Australia considers sugar tax

Australia is the latest country to join a growing number imposing a levy on sugary drinks to try and curb the rates of obesity

A report by the Grattan Institute, an Australian public policy think tank, called upon the government to introduce a 40 cent tax on every 100g of sugar in soft drinks, which would see the price of a 2l bottle of soft drink rise by about 80 cents.

The tax would raise about $500m a year, the report claimed. It would also trigger a 15% drop in the consumption of sugary drinks, it projects, as people switch to water and other drinks not subject to the tax.

“We recognise that a tax on sugary drinks is not a ‘silver bullet’ solution to the obesity epidemic – that would require numerous interventions at an individual and population-wide level,” the authors wrote.

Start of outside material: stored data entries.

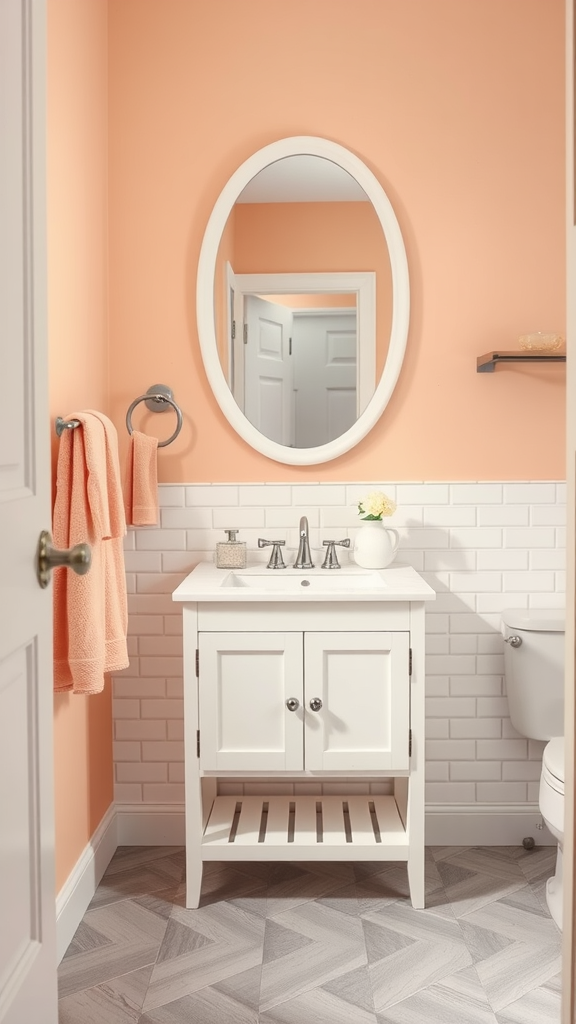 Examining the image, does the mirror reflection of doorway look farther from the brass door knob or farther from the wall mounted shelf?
the brass door knob

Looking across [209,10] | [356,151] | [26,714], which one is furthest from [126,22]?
[26,714]

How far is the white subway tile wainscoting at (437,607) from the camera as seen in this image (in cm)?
266

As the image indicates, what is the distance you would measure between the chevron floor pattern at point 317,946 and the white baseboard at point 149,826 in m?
0.09

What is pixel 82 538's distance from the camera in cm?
200

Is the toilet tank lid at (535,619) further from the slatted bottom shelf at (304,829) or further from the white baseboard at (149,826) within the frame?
the white baseboard at (149,826)

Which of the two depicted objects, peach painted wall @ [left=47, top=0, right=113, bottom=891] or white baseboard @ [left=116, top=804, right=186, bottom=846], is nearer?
peach painted wall @ [left=47, top=0, right=113, bottom=891]

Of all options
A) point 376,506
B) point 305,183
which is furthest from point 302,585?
point 305,183

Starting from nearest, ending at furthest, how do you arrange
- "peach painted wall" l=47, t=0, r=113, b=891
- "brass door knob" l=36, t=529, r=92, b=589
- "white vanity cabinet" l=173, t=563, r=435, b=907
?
"brass door knob" l=36, t=529, r=92, b=589 < "peach painted wall" l=47, t=0, r=113, b=891 < "white vanity cabinet" l=173, t=563, r=435, b=907

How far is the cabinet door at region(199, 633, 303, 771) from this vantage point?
2230 mm

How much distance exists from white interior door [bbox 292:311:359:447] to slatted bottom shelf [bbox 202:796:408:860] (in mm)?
1096

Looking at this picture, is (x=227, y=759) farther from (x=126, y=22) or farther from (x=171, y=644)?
(x=126, y=22)

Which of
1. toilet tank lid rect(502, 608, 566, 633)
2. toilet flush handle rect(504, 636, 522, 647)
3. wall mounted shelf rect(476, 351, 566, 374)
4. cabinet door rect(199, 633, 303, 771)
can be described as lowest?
cabinet door rect(199, 633, 303, 771)

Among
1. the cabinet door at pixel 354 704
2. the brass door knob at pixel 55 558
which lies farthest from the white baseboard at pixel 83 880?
the brass door knob at pixel 55 558

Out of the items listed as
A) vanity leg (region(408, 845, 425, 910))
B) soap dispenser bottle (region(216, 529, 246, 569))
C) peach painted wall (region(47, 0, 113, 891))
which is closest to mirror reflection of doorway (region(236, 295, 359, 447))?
soap dispenser bottle (region(216, 529, 246, 569)) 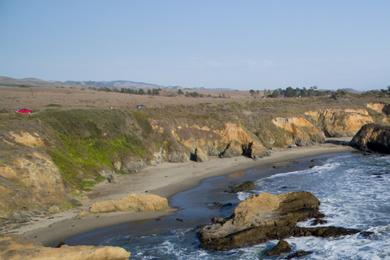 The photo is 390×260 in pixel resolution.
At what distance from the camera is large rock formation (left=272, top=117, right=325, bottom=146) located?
225ft


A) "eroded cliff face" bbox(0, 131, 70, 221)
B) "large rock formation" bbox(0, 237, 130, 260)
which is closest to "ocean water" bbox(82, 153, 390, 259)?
"large rock formation" bbox(0, 237, 130, 260)

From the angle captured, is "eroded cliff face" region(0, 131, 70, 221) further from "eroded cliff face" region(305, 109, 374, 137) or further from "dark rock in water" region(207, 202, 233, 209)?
"eroded cliff face" region(305, 109, 374, 137)

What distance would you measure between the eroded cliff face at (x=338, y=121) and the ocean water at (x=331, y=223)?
33443 millimetres

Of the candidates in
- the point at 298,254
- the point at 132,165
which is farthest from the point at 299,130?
the point at 298,254

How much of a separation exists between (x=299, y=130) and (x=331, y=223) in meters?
44.4

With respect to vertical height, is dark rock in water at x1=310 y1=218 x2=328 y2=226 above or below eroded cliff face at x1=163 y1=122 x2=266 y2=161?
below

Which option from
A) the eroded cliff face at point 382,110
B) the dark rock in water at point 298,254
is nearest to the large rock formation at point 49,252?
the dark rock in water at point 298,254

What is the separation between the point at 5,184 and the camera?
31.2 m

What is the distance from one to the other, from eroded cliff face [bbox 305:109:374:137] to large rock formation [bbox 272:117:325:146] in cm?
479

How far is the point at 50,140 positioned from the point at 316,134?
4108cm

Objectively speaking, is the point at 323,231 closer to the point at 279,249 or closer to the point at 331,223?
the point at 331,223

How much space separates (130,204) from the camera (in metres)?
31.9

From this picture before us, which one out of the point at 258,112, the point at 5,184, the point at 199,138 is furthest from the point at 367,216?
the point at 258,112

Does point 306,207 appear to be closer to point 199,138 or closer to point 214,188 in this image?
point 214,188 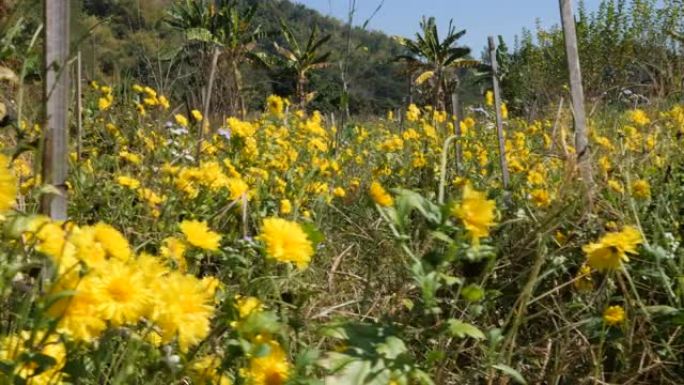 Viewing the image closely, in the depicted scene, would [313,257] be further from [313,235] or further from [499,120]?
[499,120]

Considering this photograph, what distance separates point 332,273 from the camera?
4.30ft

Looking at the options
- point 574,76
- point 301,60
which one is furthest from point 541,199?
point 301,60

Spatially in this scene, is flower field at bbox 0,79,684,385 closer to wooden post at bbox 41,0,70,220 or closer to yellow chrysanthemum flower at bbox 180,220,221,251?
yellow chrysanthemum flower at bbox 180,220,221,251

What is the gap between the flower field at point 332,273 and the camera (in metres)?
0.75

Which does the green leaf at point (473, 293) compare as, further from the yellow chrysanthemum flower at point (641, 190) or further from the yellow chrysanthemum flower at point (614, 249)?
the yellow chrysanthemum flower at point (641, 190)

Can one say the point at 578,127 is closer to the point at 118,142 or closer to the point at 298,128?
the point at 118,142

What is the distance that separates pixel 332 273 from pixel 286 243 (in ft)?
1.34

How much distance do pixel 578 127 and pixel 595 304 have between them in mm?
599

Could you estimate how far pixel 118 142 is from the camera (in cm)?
250

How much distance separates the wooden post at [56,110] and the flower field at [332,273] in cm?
12

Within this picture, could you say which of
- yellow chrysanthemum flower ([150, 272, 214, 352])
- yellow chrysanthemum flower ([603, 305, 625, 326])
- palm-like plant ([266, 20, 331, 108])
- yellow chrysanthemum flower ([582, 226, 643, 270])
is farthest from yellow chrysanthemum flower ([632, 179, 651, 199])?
palm-like plant ([266, 20, 331, 108])

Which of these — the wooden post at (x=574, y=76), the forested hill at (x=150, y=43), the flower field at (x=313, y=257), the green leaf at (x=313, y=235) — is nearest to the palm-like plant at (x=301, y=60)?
the forested hill at (x=150, y=43)

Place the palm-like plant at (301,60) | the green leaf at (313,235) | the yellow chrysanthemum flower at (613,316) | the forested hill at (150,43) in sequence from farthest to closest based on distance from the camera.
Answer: the palm-like plant at (301,60) < the forested hill at (150,43) < the yellow chrysanthemum flower at (613,316) < the green leaf at (313,235)

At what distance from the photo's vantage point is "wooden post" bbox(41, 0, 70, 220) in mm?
1305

“But it will address these third-party costs of obesity by reducing sugar intake from sugar-sweetened beverages.”

More than 15 jurisdictions have already introduced a version of the sugar tax, including the United Kingdom, France and parts of the United States.

Though largely welcomed by health groups, the tax is not without controversy. The Australian Beverages association has argued that it is “not the answer”. Added sugar consumption is already in decline, it said, and soft drinks only constitute a small part of the average Australian diet. It also pointed to a similar tax in Mexico, which, despite having an impact on the sales of soft drinks, was affecting the country’s poorest disproportionately.

It argued that education, rather than taxation, was a more applicable way of improving the diets of the Australian population.